The Philadelphia Flyers have agreed to a 4-year deal with John Tortorella to be their head coach, ESPN NHL analyst Kevin Weekes reported on Thursday.

Tortorella most recently coached the Columbus Blue Jackets for six seasons before the team announced after the 2020-21 season that he would not return.

Under Tortorella, the Blue Jackets finished with a record of 227-166-54 — making him the winningest coach in franchise history — and qualified for the playoffs in four of his six seasons. They failed to advance past the first round each time except for 2019, when Columbus swept top-seeded Tampa Bay in an opening-round shocker.

Tortorella, 63, has also coached the Lightning, with whom he won a Stanley Cup in 2004, New York Rangers and Vancouver Canucks. He has twice been named the winner of the Jack Adams Award as the NHL’s top coach.
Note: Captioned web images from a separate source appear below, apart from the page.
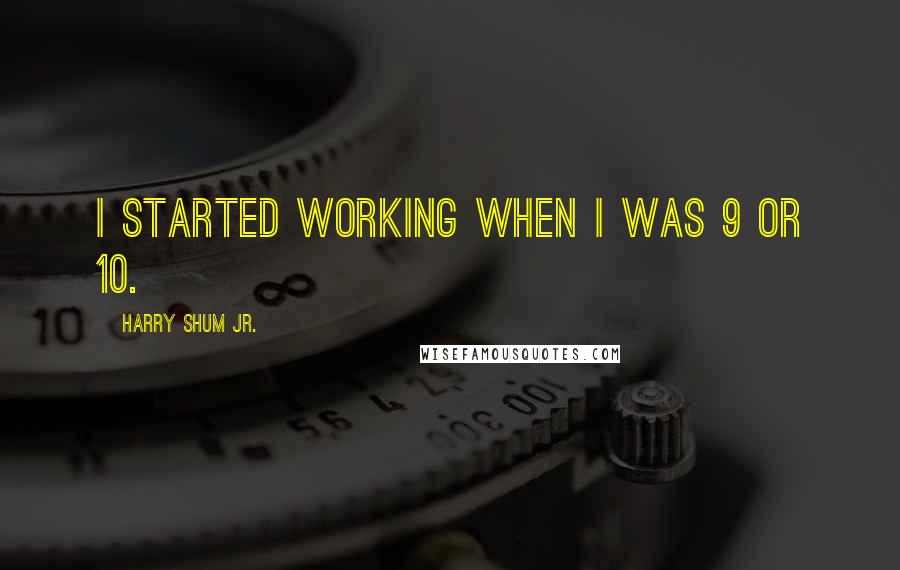 Harry Shum Jr. Quotes: I started working when I was 9 or 10.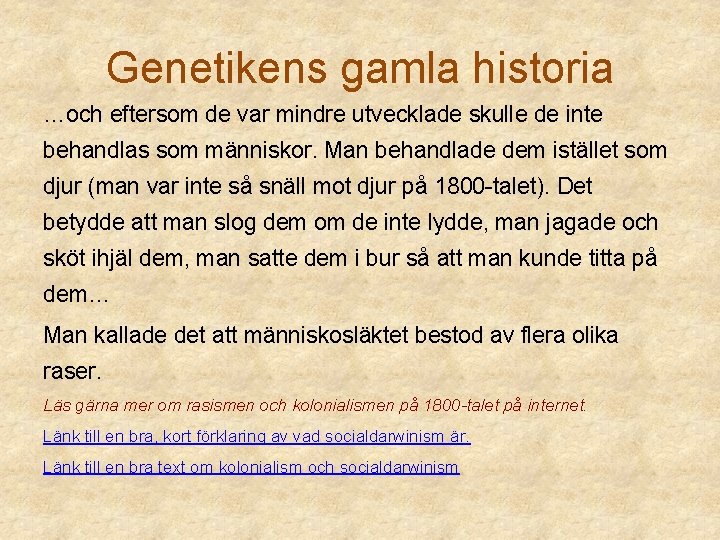 Genetikens gamla historia …och eftersom de var mindre utvecklade skulle de inte behandlas som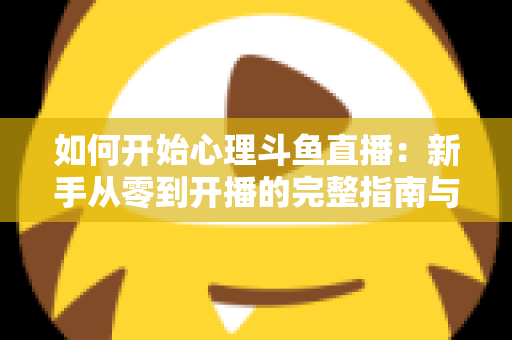 如何开始心理斗鱼直播:新手从零到开播的完整指南与实战技巧 如何开始心理斗鱼直播:新手从零到开播的完整指南与实战技巧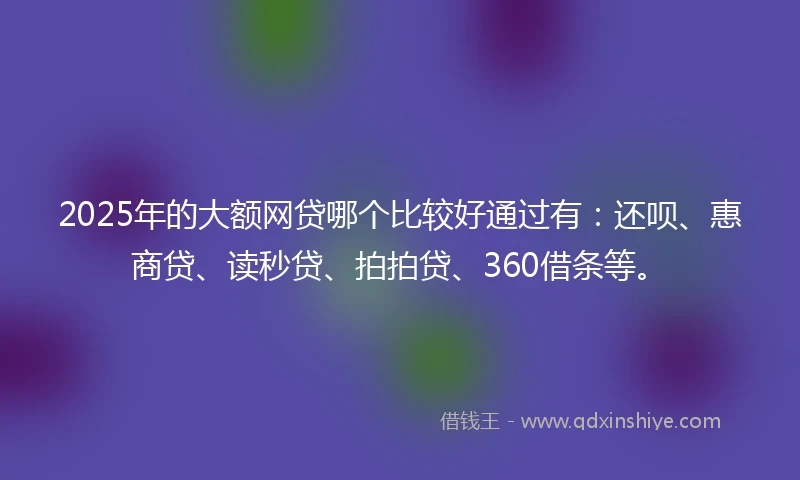 2025年的大额网贷哪个比较好通过有：还呗、惠商贷、读秒贷、拍拍贷、360借条等。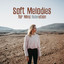 Soft Melodies for Mind Relaxation cover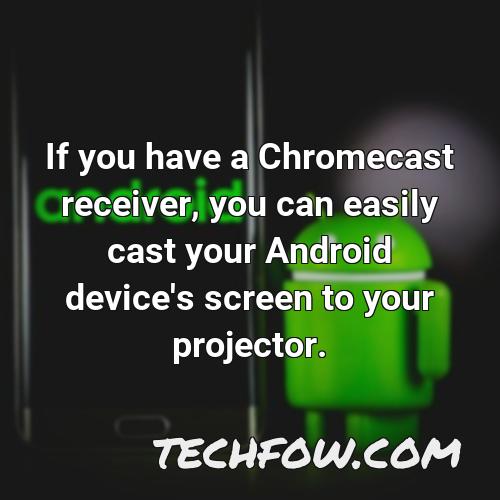 if you have a chromecast receiver you can easily cast your android device s screen to your projector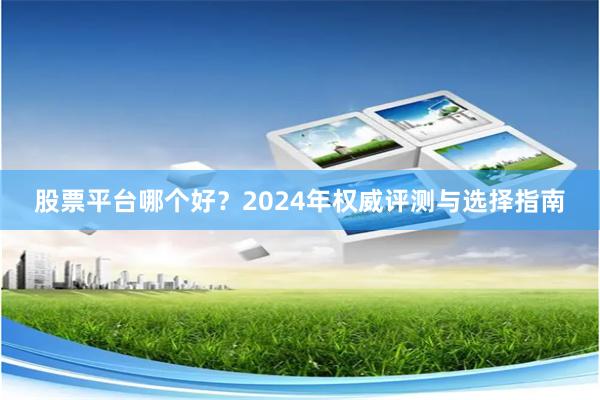 股票平台哪个好？2024年权威评测与选择指南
The Flyers fired coach Alain Vigneault on Dec. 6, 2021, amid an 8-11-4 start to the season that included an eight-game losing streak. Mike Yeo was named interim coach, going 17-36-7 behind the bench as Philadelphia failed to make the postseason for a second straight season.

After the season, general manager Chuck Fletcher announced that Yeo would not return as the team’s head coach in 2022-23.

The Flyers were among the NHL’s most disappointing teams this season. Fletcher added several veteran players last offseason, including defenseman Ryan Ellis, who was limited to just four games due to injury. The GM has talked about an “aggressive retool” this offseason, one that now includes a new coach in Tortorella.

ESPN’s Greg Wyshynski contributed to this report.